She said that both Dickies and Jameson are known for their “longstanding craftsmanship,” so it “felt like a natural fit.”
“Jameson Irish Whiskey was founded in 1780 when workwear was the uniform of the working community, often seen in the local pub after a hard day’s work,” said Brendan Buckley, global marketing director for Jameson. “Meanwhile, Dickies began its life in 1922 as a quality and respected workwear brand. Craft and kinship underpin both brands and we are delighted to bring that shared ethos to life through the Jameson and Dickies Crafted Together collection.”
The collection is priced at $20 to $80 and will launch Wednesday. It will be sold in 26 markets globally including the U.S., U.K. and Canada.
A campaign to publicize the collection was shot at the Midleton Distillery in Cork, Ireland, by Dublin-born, Brooklyn-based photographer, Rich Gilligan. In addition, pop-up shops for those 21 and over will open in New York City and London where visitors will be offered samples of Jameson cocktails while browsing the collection. The New York shop is at 9 West 8th Street while the London pop-up is at the Dickies store on Carnaby Street. Both will be open through Friday. The collection is also available to purchase online. — J.E.P.
ART TALKS: Perrotin, the contemporary gallery that features artists including Takashi Murakami, Maurizio Cattelan, Sophie Calle, Pierre Soulages and JR, has entered into exclusive negotiations with Colony Investment Management to sell a majority stake in the company.
The real estate and private equity investment firm, headed by Nadra Moussalem, would take a 60 percent stake in the Perrotin galleries, with founder Emmanuel Perrotin staying on and retaining 40 percent of the capital, the companies said in a joint statement.
Terms of the deal were not disclosed. It is expected to be completed in the second half of 2023.
Perrotin has two outposts in the French capital — one in the hip Marais and the other on the tony Avenue Matignon, for nearly 32,300-square-feet of exhibition space.
Colony IM has previously invested in other prime Paris landmark lifestyle locations, including the luxury hotel Le Molitor.

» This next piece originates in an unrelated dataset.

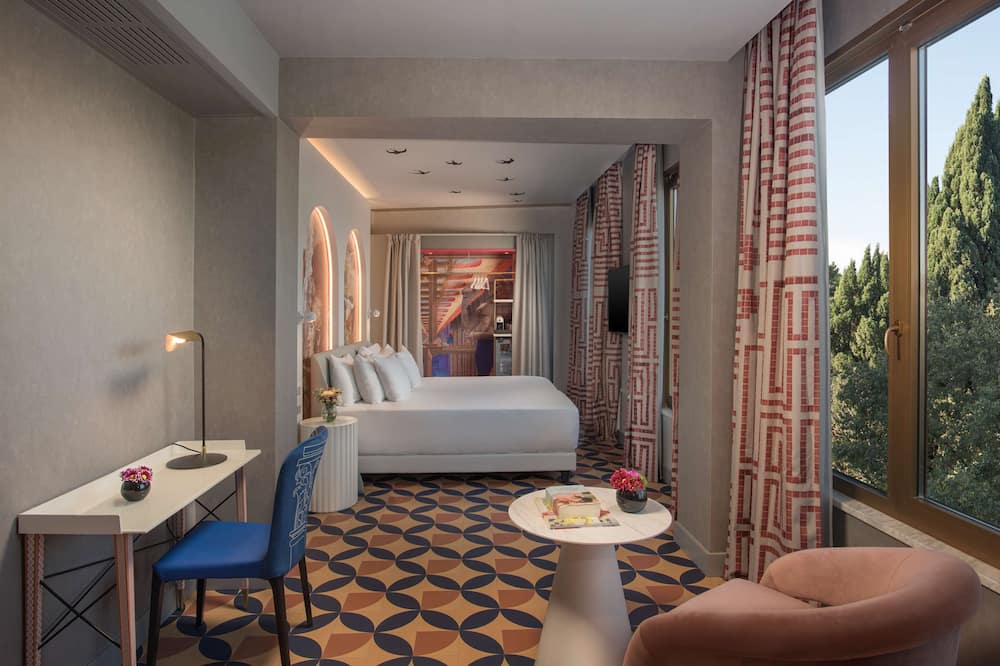 エヌハウ ローマ 写真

The company manages 3 billion euros of assets.
It’s the first time the company has invested in an art gallery, intended to combine Perrotin’s passion for supporting artists with corporate infrastructure with an eye toward long-term growth.
Outside of Paris, Perrotin operates galleries in New York, Hong Kong, Tokyo, Seoul, Shanghai and Dubai. An outpost in Los Angeles is slated to open this fall.
In addition to representing major artists, the gallery has expanded into retail sales of prints, books and additional products, and recently started working in the secondary art market space. It had $151 million in sales in 2022.
“Emmanuel Perrotin and his team have developed an exceptional gallery business over the past 30 years with a presence across three continents, representing a range of remarkable artists. The partnership we are considering today with Perrotin is the result of a shared vision with Emmanuel Perrotin, aimed at long-term growth and expansion of the business. We are convinced that contemporary art represents a highly promising asset class for the future, Moussalem said.
“We are always exploring new investment sectors and thrive on helping companies to achieve their full potential,” he added of moving into the new sector.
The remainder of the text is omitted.